Tonight Rebel Baby is staying up late because Mummy and Daddy have had enough of being responsible parents that attempt to follow a routine. Instead, they are bundling the baby into the back of a car and going out for dinner, hoping she will just have a nap somewhere quiet and forget about being a demanding little stroppet for one evening.

RB’s life is full of baby-adoring relatives who fuss and swoon over her on an all-too-regular basis. Lucky little RB is never without a lap to sit on or hair to pull… sometimes her fans even wait in line for a cuddle. She is quite used to being the centre of attention and quite accustomed to surprising and delighting all those whom she graces with her presence. Such is a baby’s prerogative. All of this is normal to her.

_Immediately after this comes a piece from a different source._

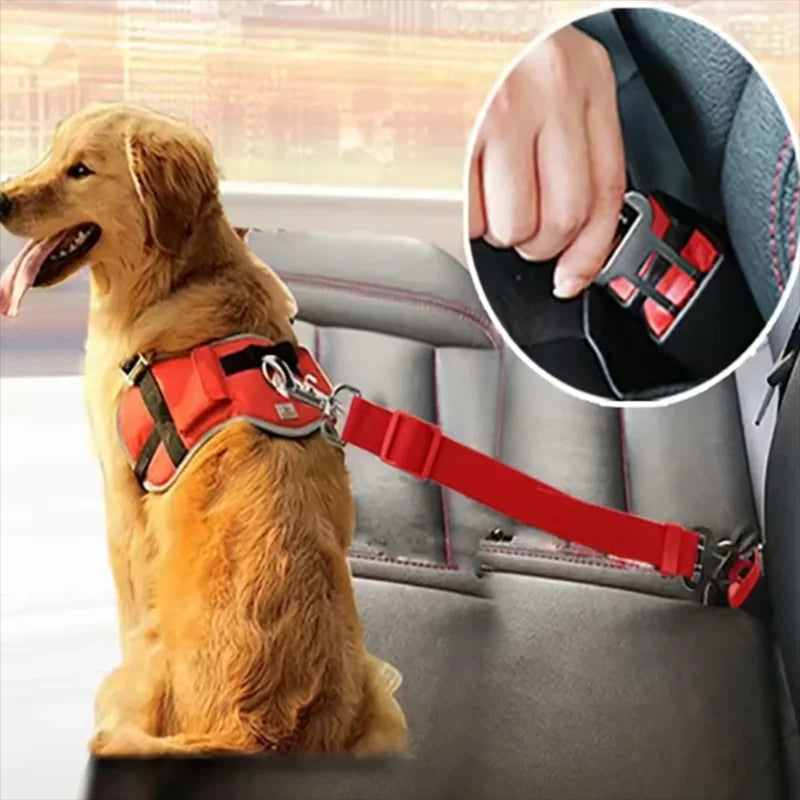 Seat Belt Leash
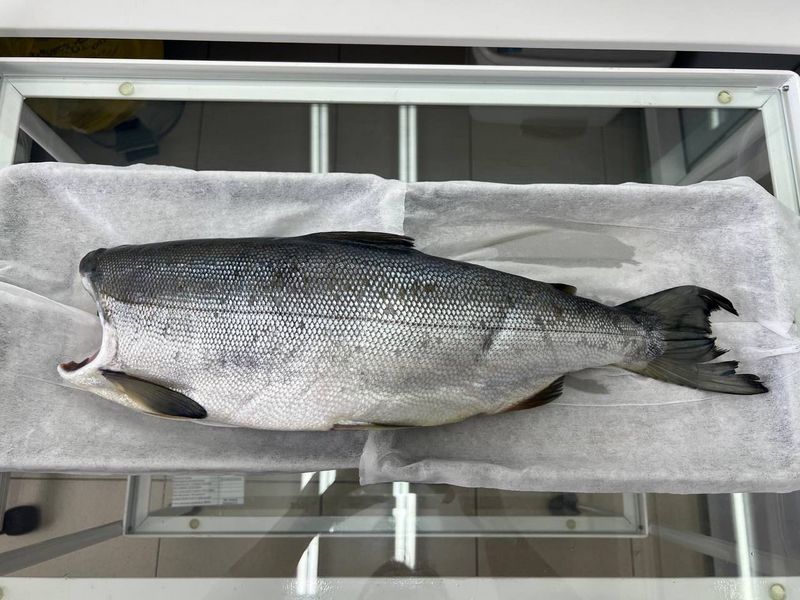 Две партии камчатской горбуши признали непригодными для реализации Специалисты лаборатории Камчатского филиала Национального центра безопасности рыбной и сельскохозяйственной продукции обнаружили несоответствия в двух партиях рыбы сообщили РАИ КАМЧАТКА ИНФОРМ в учреждении 22 сентября 2025 года в испытательной лаборатории завершились исследования качества и безопасности двух образцов мороженой горбуши Общий объем партии составил почти 1 5 тонны Образцы исследовали на соответствие требованиям действующих технических регламентов О безопасности пищевой продукции и О безопасности рыбы и рыбной продукции а также на такие показатели токсичные элементы нитрозамины радионуклиды биогенные амины пестициды микробиологические показатели и паразитарная чистота По результатам экспертизы выявлены несоответствия по органолептическим показателям внешний вид и цвет рыбы не соответствуют установленным нормам Это может свидетельствовать о нарушениях условий хранения или производства и делает продукцию непригодной для реализации КАМЧАТКА ИНФОРМ новости Камчатки в Telegram Фоторепортажи и эксклюзивные материалы на kamchatinfo com НАПИСАТЬ НАМ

But this evening, RB has met her match. Uncle I-dont’-do-babies is here. Uncle I-don’t-do-babies likes beer and music, and peace and quiet, and clothes without sick on them. Uncle I-don’t-do-babies is like no one RB has ever met in her life… he does not squeal and jump and tickle and squeeze her, he does not run to the car and grab her from Mummy’s arms and throw her in the air and rush to find her toys. No, he regards her from a safe distance with a knowing nod, sips his beer, and converses with Daddy about manly things like cars and technology.

This makes Uncle IDDB completely irresistible to Rebel Baby. He is a fascinating enigma she must crack, mysterious and perplexing in equal measures.

The full repertoire of baby techniques are employed: squealing, giggling, flapping, wriggling, reaching, grabbing, singing, dancing, full-blown yelling and foot-stamping… all to get his attention. From time to time, Uncle IDDB might acknowledge the small one’s efforts with a smile or a nod betwixt sips of beer which, far from satisfying her curiosity, only fuel her obsession.

After a lovely meal and successful evening, it is late at night when Mummy and Daddy rouse The Baby, who is furious at being so rudely awoken, to embark on their journey home.  Ironically and despite her foul mood, Uncle I-don’t-do-babies is the only one who gets a smile and a high-five on the way out of the door.